Hopefully, you share that fascination as well. I'm well-aware I am not the only person out there with this passion. A blog all about bookshelves is here. I've written a previous post on the actual order of books placed on shelves, a post that continues to be inspired by Nicholas Hornby's assertion that the best way to judge someone's taste is not by their music collection, but by their book collection. My co-worker has written on her blog about how she should not be allowed to shelve books in the store anymore because she keeps finding books she has to read and buy, and I confess to having the same problem. Because my world revolves around all these books I seemingly can't live without, it should come as no surprise that I need a place to put them all. This is where the shelving comes in.
It's amazing how many things can be used as shelves, other than regular shelving, of course. In my room alone, beside a big floor-to-ceiling bookcase, I have an old doll's cradle (stolen from my sister years ago; I can't quite remember if she let me or even knows about it or not), the fold-out seat of an old school desk, the surface of the old school desk, and, of course, the floor, all filled with books. This being the beginning of tag sale, yard sale, garage sale, and flea market season, I'm very much looking forward to finding some new shelving treasures.
It doesn't stop with just my room. Books spill out into the rest of the house. An old ceramic cistern of some kind holds favorite magazines. My living room has a fireplace with built-in bookshelves on either side - my side is filled with books, my roommate's side with DVDs. Oddly enough, there are only two books on the fireplace mantel itself, but there are plenty of other things to fit it.

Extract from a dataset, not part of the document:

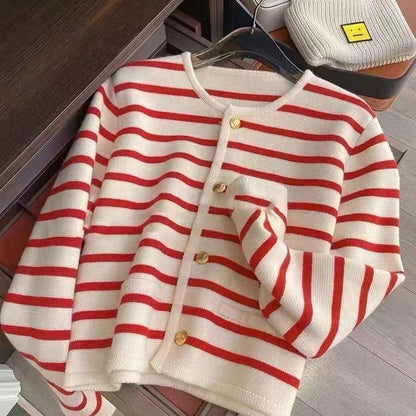 Women's premium striped wool vest fabric close-up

This is one of the wonderful properties of the shelf - it can be used as a resting place for anything. The fireplace mantel holds a painting by my mother, the two previously mentioned books, a collection of three doorknobs, a set of wooden type, two fuzzy toy chicks (housewarming presents from our upstairs neighbors), a red devil rubber duck, two framed photographs, and a plant in half a plastic bottle. Apparently, I collect things other than books, too. Surprise, surprise.
The real inspiration for this post came from a NY Times article about a former stockbroker-turned-bookshelf designer. I should clarify, it's not that he designs the shelves themselves, so much as he goes out and finds specific books for wealthy people to round out their book collection. This is similar to a job at the Strand I've heard rumored to exist, a job where someone is called upon to create the prominent libraries visible in movies. The former stockbroker is quoted in the article as saying, "The best decoration in the world is a roomful of books," a line he borrowed from someone else, and which I'm reproducing here because I find it so applicable to my own life. In addition to the aforementioned shelves, I have a shelf of old school books and romance novels in the game/guest room, cookbooks in the kitchen, and there is a small collection of bartending books belonging to my roommate on the bar in the dining room.

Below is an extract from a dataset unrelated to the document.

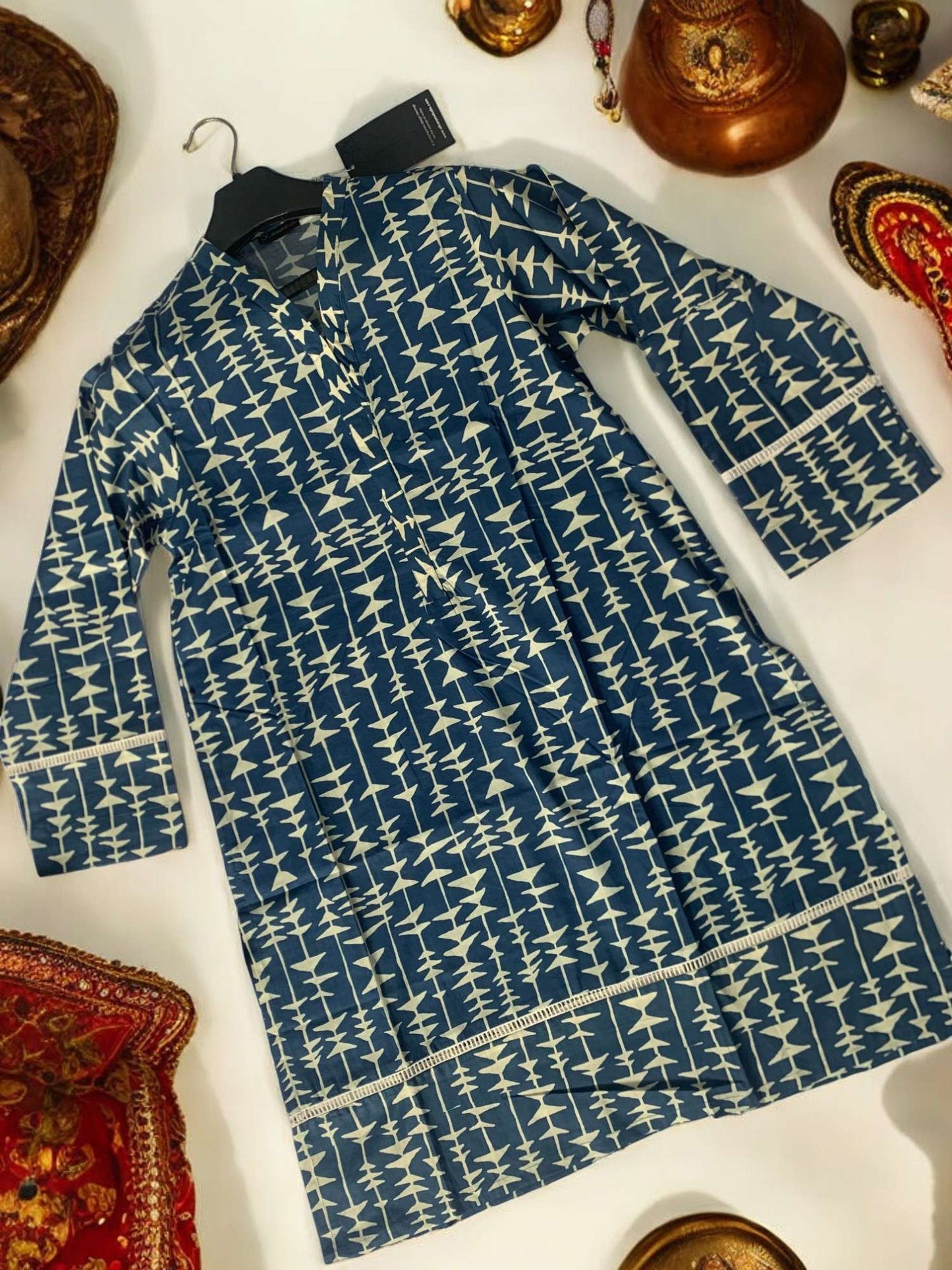 Navy Ikat Print Kurti - AlKaram Pret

What is it about books in a room that instantly make it more homey? Almost like a plant, they have the same power to make you believe real people live there. Gilbert Highet, a legendary Humanities professor from Columbia University, once wrote, "These are not books, lumps of lifeless paper, but minds alive on the shelves." Maybe that's the key, in a room empty of everything but books, you would never be alone; every conversation in the world can be held with a book. Writing that makes me question the need for any sort of companion or polite society, but then again, isn't that half the pleasure of being a reader: sharing that pleasure with someone else? Dissecting the minute details of whatever it was that made you laugh, cry, uncomfortable, hate whatever you were reading? Even as books suck you into their world, they spit you back out again to experience and share the world you've read.
William Ewart Gladstone, a former Prime Minister of Great Britan, wrote, "Books are a delightful society. If you go into a room and find it full of books - even without taking them from the shelves they seem to speak to you, to bid you welcome." I like that sort of welcome, and just realized I've surrounded myself with it. Welcome to my store. Welcome to my home. Skim the titles, grab a book, and welcome to the bookshelf of me.